During the study period, an interim report reported that a new standard for a cyber resilience management system might be developed, maybe a variant of 27001 or 27002, or perhaps an ISO27k standard integrating ISO22301.
According to an outline/skeleton of the standard, it might encompass the whole area of information security management, not just safeguarding critical business operations amidst and despite IT system and network incidents, which raises questions about the project’s scope and purpose.
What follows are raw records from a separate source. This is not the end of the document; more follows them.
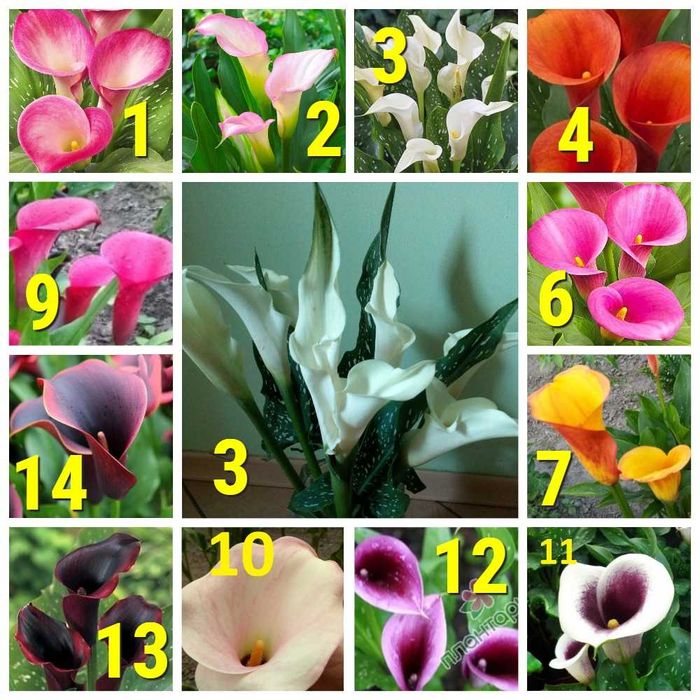 Кали кольорові цибулини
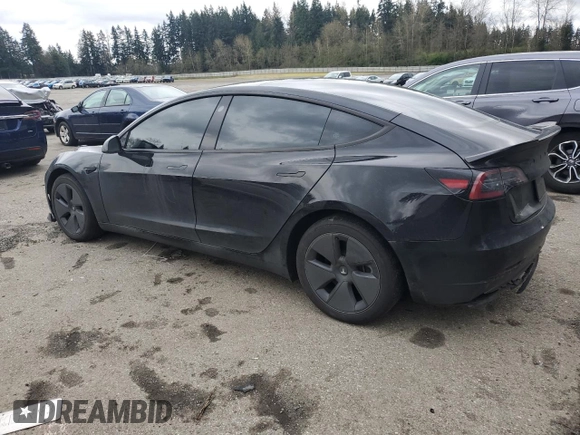 2023 Tesla Model 3 with VIN 5YJ3E1EA3PF644898, listed as a Copart auction lot 50427685 with 36,488 mi miles and Salvage Title. Bid and sale history available at DreamBid. Image 2.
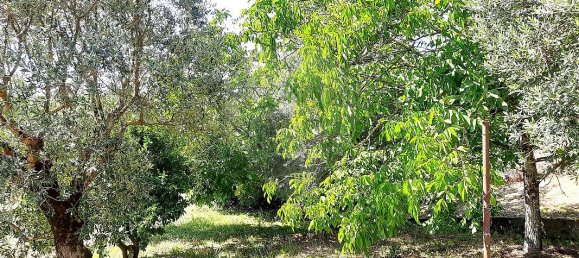 2 Schlafzimmer Haus in Redinha, Portugal, Nr. 179415 23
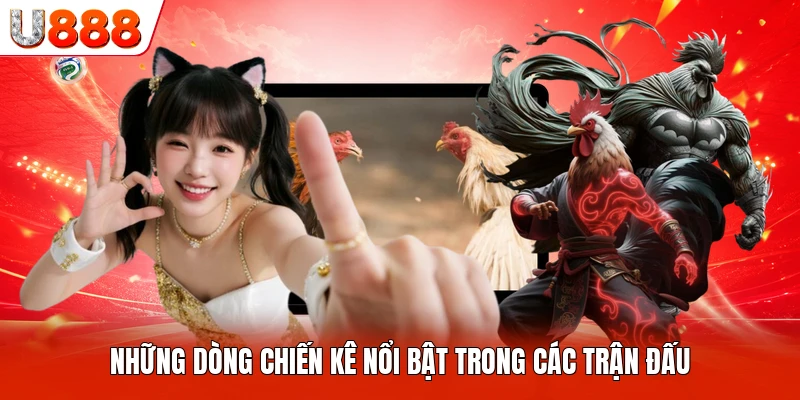Những dòng chiến kê nổi bật trong các trận đấu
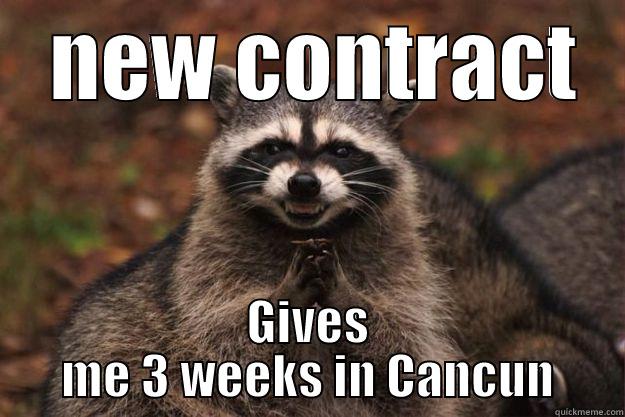 new contract -  NEW CONTRACT GIVES ME 3 WEEKS IN CANCUN Evil Plotting Raccoon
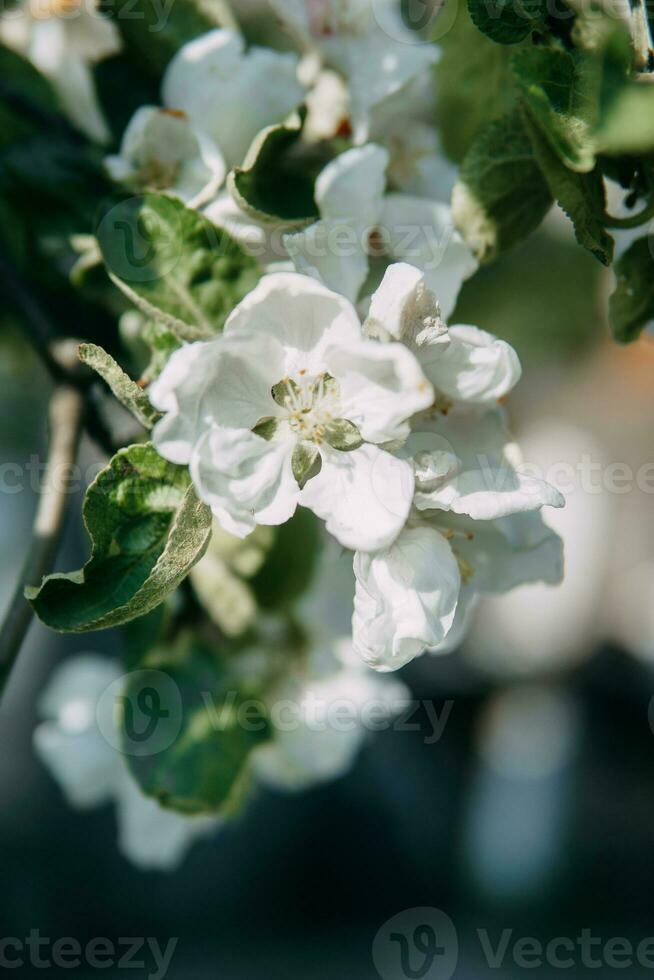 Blooming Apple tree branches with white flowers close-up. photo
The SP reported the intention to develop a sector-specific version of ISO/IEC 27001 specifically for resilience using ISO/IEC 27009, a curious interpretation of “sector-specific”. In the event it had been approved, it would have produced a technical specification instead of an international standard, guiding how ISO/IEC 27001, ISO/IEC 27002, and other relevant standards contribute to building organisational capability for cyber resilience.
The call for comments was extended for a while, but the standard failed to garner any enthusiasm, resulting in zero (0, zero, null, nil, nothing, nowt) contributions. In light of its governance arrangements, it is unclear how this SP came into being in the first place.
Rather than simply destroy the moribund project, other cybersecurity study periods of WG1 have been merged with it.
Commentary: It is impossible to know the fate of this duck, but it is advancing towards the weir. References to ‘adverse cyber events’ failed to clarify the meaning of ‘cyber’. Unhelpfully, the call for contributions mentioned “the digital (cyber) domain” as well, further confusing matters. In addition, when it comes to information risk and security, resilience refers primarily to business continuity (continuation of critical business activities), not adaptability, which was the extent of the original definition. It wasn’t well thought out.
Could the second edition of ISO/IEC 27031 nail it?
– Cybersecurity SP
During the study period, the following conclusions were reached:
1. Discuss and refine the definition of cybersecurity within the scope of information security.
2. Use the word “cybersecurity” rather than “cyber security” or “cyber-security”.
3. Create a communications/outreach program explaining the importance of cybersecurity, and how it is largely met by ISO27k.
4. Establish a global cybersecurity framework standard.
5. Ensure “cyber resilience” is addressed somehow such as through ISO 22301
Commentary: Cyber in practice would refer to computing/IT, the Internet, major attacks by nation-states or terrorist groups on critical national infrastructures, artificial intelligence, electronics, robots, and likely many other things. These are not just minor differences in interpretation. They have distinctly different implications when it comes to information security and risk.